Dynamic visualization of O₂^•– and ATP fluctuations in hepatocytes during the whole process of HIRI and effect of intervention by HIRI drug NAC. (A) Fluorescence imaging of O₂^•– (blue channel, λ_ex = 405 nm, λ_em = 420–490 nm) and ATP (red channel, λ_ex = 514 nm, λ_em = 525–668 nm) by UDP (40 μM) in hepatocytes undergoing 0, 20, or 40 min of ischemia and 20 or 40 min of reperfusion after 40 min of ischemia, and pretreatment with 0.5 or 1 mM NAC. (B, C) Relative blue and red fluorescence intensity output of (A). The blue fluorescence intensity of control group was defined as 1. (D) Relative ROS levels in different phases of HIRI by ROS content assay kit. (E) ATP levels in different phases of HIRI by the ATP content assay kit. The data are expressed as the mean ± SD. ***P < 0.001. Concordant results were obtained from five independent experiments.

Figure 5

Real-time visualization of O₂^•– and ATP dynamics in mouse livers during HIRI. (A) Procedure diagram. (B) Fluorescence imaging of O₂^•– (blue channel, λ_ex = 405 nm, λ_em = 420–490 nm) and ATP (red channel, λ_ex = 514 nm, λ_em = 525–668 nm) by UDP (100 μM) in mouse livers undergoing 0, 20, or 40 min of ischemia and 20 or 40 min of reperfusion after 40 min of ischemia. (C, D) Relative blue and red fluorescence intensity output of (B). The blue fluorescence intensity of the control group was defined as 1. (E) H&E staining of heart, spleen, kidney, lung, and liver in control and HIRI mice.
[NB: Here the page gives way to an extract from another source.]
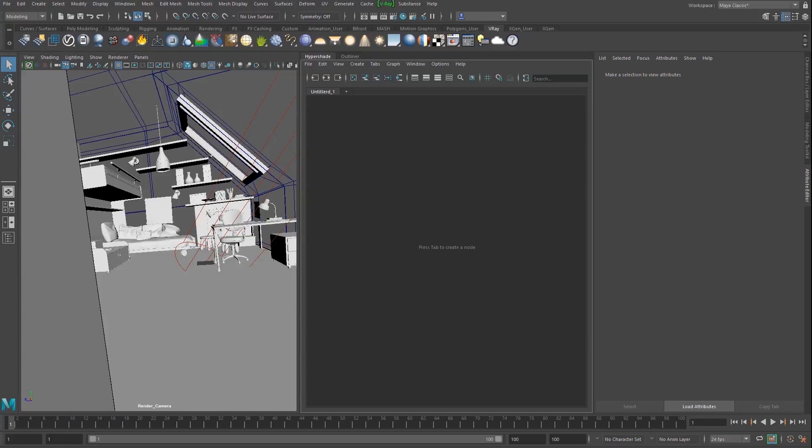Welcome to V-Ray how-to tutorial series. In this short video, we explore how to render a hardwood floor with V-Ray material.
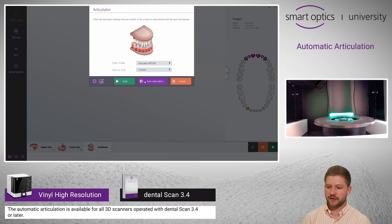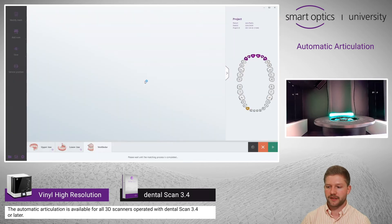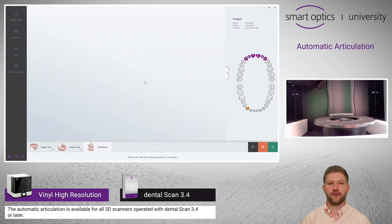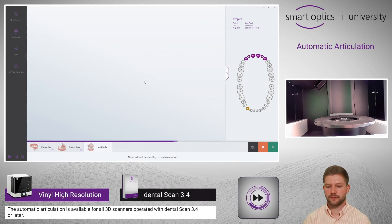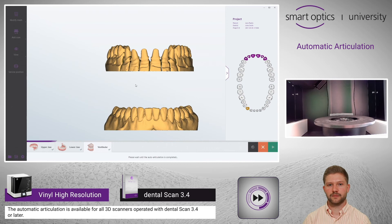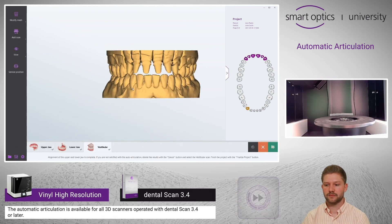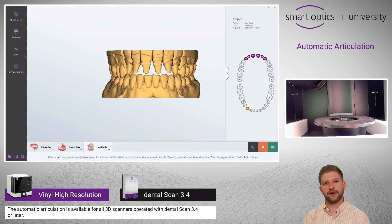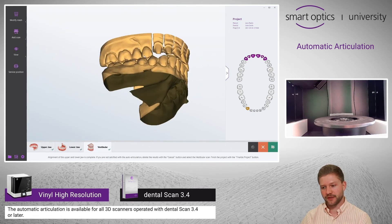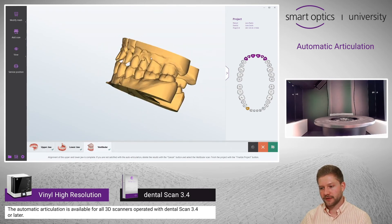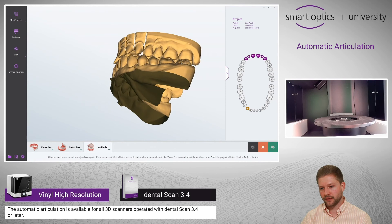I just press the button right here and I don't have to perform an additional scan for the vestibular. The calculation is finished. Now you have to validate the result, and this is looking very good.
The data are expressed as the mean ± SD. ***P < 0.001. Concordant results were obtained from five independent experiments.

Figure 6

Proteomic analysis of the reaction of SDH with O₂^•– through LC–MS/MS. (A) Oxidation of C68, M71. (B) Oxidation of W47. (C) Oxidation of H57. (D) Oxidation of W218. Residues represented by * and red color are modification sites by O₂^•–.

Figure 7

Potential signaling pathways involving O₂^•– and ATP in HIRI. (A) SDH activity assays in hepatocytes under different treatments. (B, C) Analyses of mitochondrial NADH contents in hepatocytes under various treatments. (D) Mitochondrial ATP contents analyses of hepatocytes in different treatment groups. (E) Fluorescence imaging of ATP (red channel, λ_ex = 514 nm, λ_em = 525–668 nm) in hepatocytes by UDP under the incubation of 3-NPA. (F) Relative red fluorescence intensity output of (E). (G) Intracellular ATP contents analyses of hepatocytes in different treatment groups. (H) Schematic of intracellular O₂^•–—SDH—Mito NADH—Mito ATP—intracellular ATP cascade signaling pathway during HIRI.